3. Matta is a better strategist than he gets credit for. It has been a while since Thad Matta has been called a great recruiter who isn’t much of a coach, but that still follows him a little bit as a coach because of the freedom he gives his guys on the court. But few coaches in college basketball do a better job of having their guys ready to play. With the help of his seniors, he has managed to keep this team focused on the task at hand for the better part of two years now, and that is great coaching. He did a good job of adjusting in the opener when Texas-San Antonio tried to slow down the game against the Buckeyes, and he changed his substitution patterns Sunday to make sure he kept Jared Sullinger out of foul trouble.

That was huge, because Sullinger picked up his first foul less than four minutes into the game. With the way the game was being played early, it seemed like only a matter of time before he picked up his second foul. Matta wasn’t going to wait for the refs. He yanked Sullinger out of the game before he could pick up his second and then did a great job of alternating Sullinger and Dallas Lauderdale on offense and defense the rest of the half. It kept Sullinger from picking up another foul (he finished with two for the game), which would have completely changed the dynamic of the first half.

4. Maybe Craft is the second-coming of Conley. After Ohio State’s first round win over Texas-San Antonio, I pointed out that Craft had one of his worst games of the year at both ends of the floor. He got in first-half foul trouble, went scoreless for the game and allowed UTSA point guard Devin Gibson to get 24 points. That wasn’t all Craft’s fault because not everyone can be Mike Conley Jr. playing in their first NCAA Tournament.

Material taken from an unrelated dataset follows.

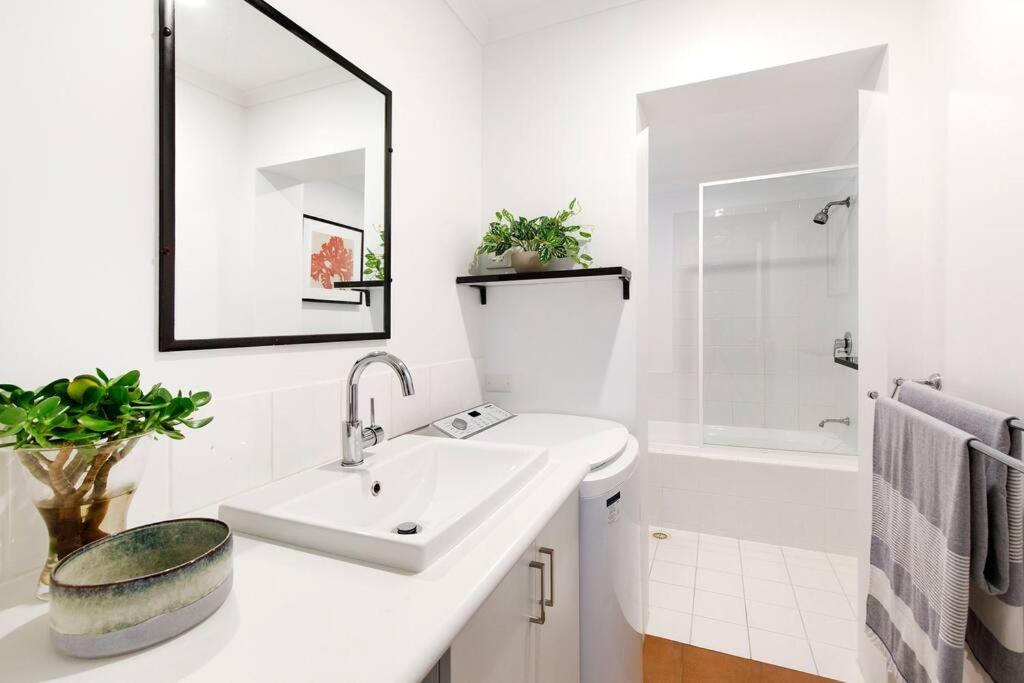 Little House on the Hill, Pet Friendly & New Pool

I may have spoke too soon. Just two days after turning in one of his worst performances of the season, Craft had one of his best against George Mason. He came off the bench and provided a huge spark for the Buckeyes in the first half when they needed it most. Obviously Lighty was doing the bulk of the scoring, but Craft was making big plays all over the court. Not only did he finish with a school-record 15 assists, he also had six points and six big rebounds, including three at the offensive end.

There were three plays that stuck out for Craft Sunday. They first was his bullet-pass to Sullinger for a 3-point play where he showed off the arm that made him a high school quarterback. He got a big rebound at the end of the first half and found Diebler for the last-second three, and then of course the spinning dive he made on the assist to Diebler for the 4-point play.

5. Eddie Days free throw was the perfect finish. Everything seemed to go just as planned, if not better, for the Buckeyes Sunday. They started slow and had a lull to begin the second half, but the rest of the game was a complete runaway for No. 1 Ohio State. They were even able to get 21 minutes for Lauderdale, 13 for Deshaun Thomas and eight for Jordan Sibert because of the lopsided win. The one thing that was missing, however, was Eddie Days. The senior walk-on had never a scored a point in his Ohio State career, so when he got off the bench with three minutes left in the game, the crowd went wild. A native of Cleveland, Days has overcome a lot of adversity to be on this team, and it was only fitting that he came in the game and knocked down a free throw for his first career point. Better yet, it came in his hometown in front of friends and family at Quicken Loans Arena.